In a world with more than 7,000 languages, roughly half of the people speak only one language, thus creating huge barriers that restrict cross-cultural communication. Thanks to advances in Artificial Intelligence and Machine Learning, we are steadily moving towards a future where hosting a dinner party for 20 guests, each speaking a different language, won’t be a problem anymore. Indeed, scenarios where people can talk to each other in different languages are no longer a distant dream and there are already many speech-to-speech translation apps and products available.

This highly innovative technology is advancing at a rapid pace thanks to the continued development of its three underlying components. Analyzing these individual technologies can be helpful in understanding how multilingual voice-enabled technologies work.

  • Automatic Speech Recognition (ASR), also known as Speech-to-Text (STT), transcribes human voice input into text. The quality of STT systems depends on audio quality, clarity of spoken text, specific vocabulary, etc. These systems must be trained on high-quality voice data.
  • Machine Translation (MT) automatically translates this text from the source language to the target language. MT systems can be categorized into general or custom MT. General MT systems are usually trained on large amounts of parallel data (i.e., paired original and translated sentences) from different sectors and domains, whereas custom MT systems are trained on sector- or customer-specific data (terminology, translation memories, glossaries, parallel and monolingual text).

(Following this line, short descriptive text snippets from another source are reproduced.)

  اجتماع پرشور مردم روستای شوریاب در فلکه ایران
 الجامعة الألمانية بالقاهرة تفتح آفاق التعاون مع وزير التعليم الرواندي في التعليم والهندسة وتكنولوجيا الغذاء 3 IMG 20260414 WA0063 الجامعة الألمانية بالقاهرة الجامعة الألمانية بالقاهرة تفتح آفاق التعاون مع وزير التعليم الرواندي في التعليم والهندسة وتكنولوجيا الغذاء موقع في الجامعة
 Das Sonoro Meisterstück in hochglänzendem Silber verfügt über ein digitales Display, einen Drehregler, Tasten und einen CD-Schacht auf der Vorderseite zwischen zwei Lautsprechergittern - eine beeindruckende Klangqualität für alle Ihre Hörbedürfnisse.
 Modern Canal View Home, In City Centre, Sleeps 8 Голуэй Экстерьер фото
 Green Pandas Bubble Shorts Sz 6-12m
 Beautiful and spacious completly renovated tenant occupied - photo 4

Custom MT systems typically deliver more accurate and consistent translations than general systems.
  • Text-to-speech (TTS) converts the translated text into audio.

When developing speech-to-speech translation technologies, there are two alternative ways to go:

  1. Pipeline-based speech-to-speech translation leverages separately trained STT, MT and TTS systems and runs them sequentially as above.
  2. End-to-end speech-to-speech translation leverages audio-to-text parallel data, i.e., voice signals paired with the corresponding translated text, to train a single system that directly converts voice input into translated text which is then converted into audio by TTS. Such parallel data is often hard and expensive to obtain, therefore pipeline-based systems are often more practical and realistic.

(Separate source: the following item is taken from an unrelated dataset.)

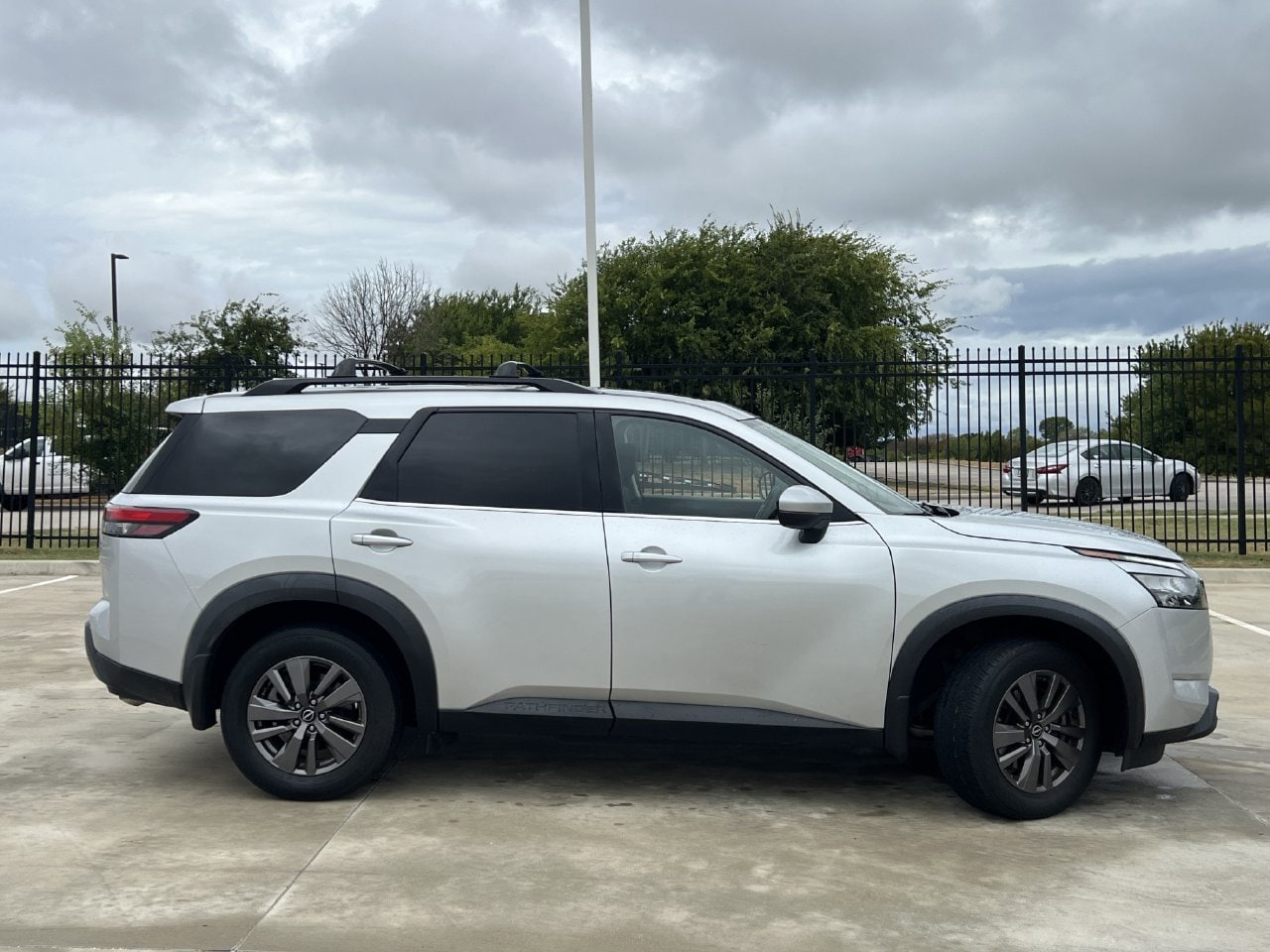 2023 Nissan Pathfinder 4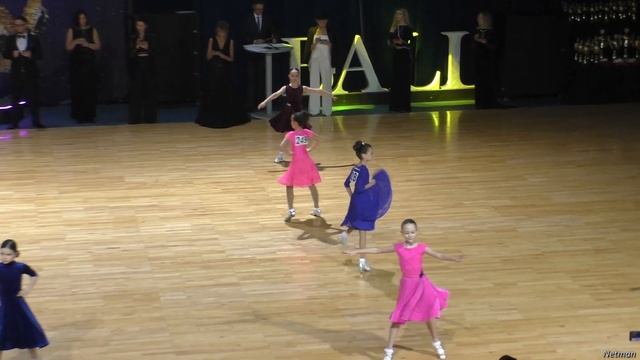 Танцуют дети до 10 лет. Соло (Шт класс) | Royal Ball 2021 (Минск, 30.01.2021) Бальные танцы смотреть онлайн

Even though there are many solutions available on the market, we are still relatively early in the paradigm of speech-to-speech translation. STT, neural MT and TTS each play a huge part towards achieving seamless, high-quality translation. At the same time each of these technologies presents its own difficulties, therefore there are still ways to go in making this emerging technology perfect. For instance, spoken language often contains ungrammatical, colloquial expressions and it does not include punctuation. This can lead to STT errors which can in turn lead to major MT errors to the extent when the translated output becomes incomprehensible.

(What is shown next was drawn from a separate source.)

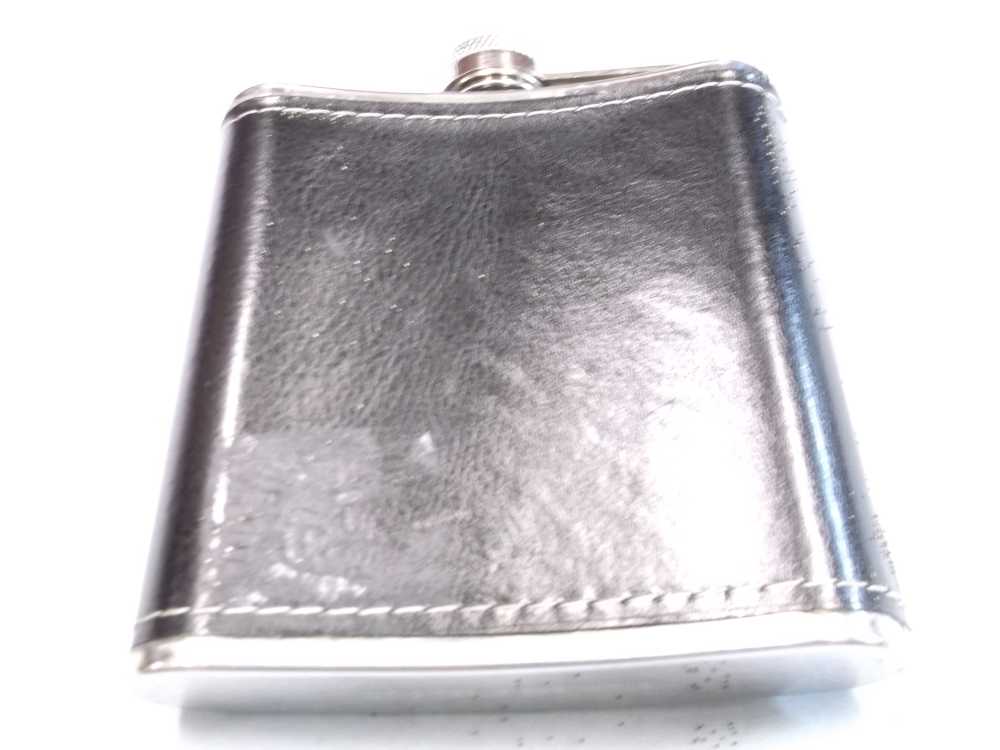 WHISKY OR WATER FLASK 6oz. STAINLESS STEEL WATER TIGHT. NEW -img-1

In its article on “10 Emerging Technologies That Will Change Your World”, the MIT Enterprise Technology Review listed speech-to-speech translation as one of ten technologies that will revolutionize our world. This is no surprise because being able to speak and have one’s words automatically translated into other persons’ language has countless benefits. Speech-to-speech translation technology can enable people to seamlessly communicate in different languages, and it directly contributes to creating a world without language barriers, advancing global business and promoting cross-cultural exchange, among others. However, only the future will be able to show us where this powerful technology will take us.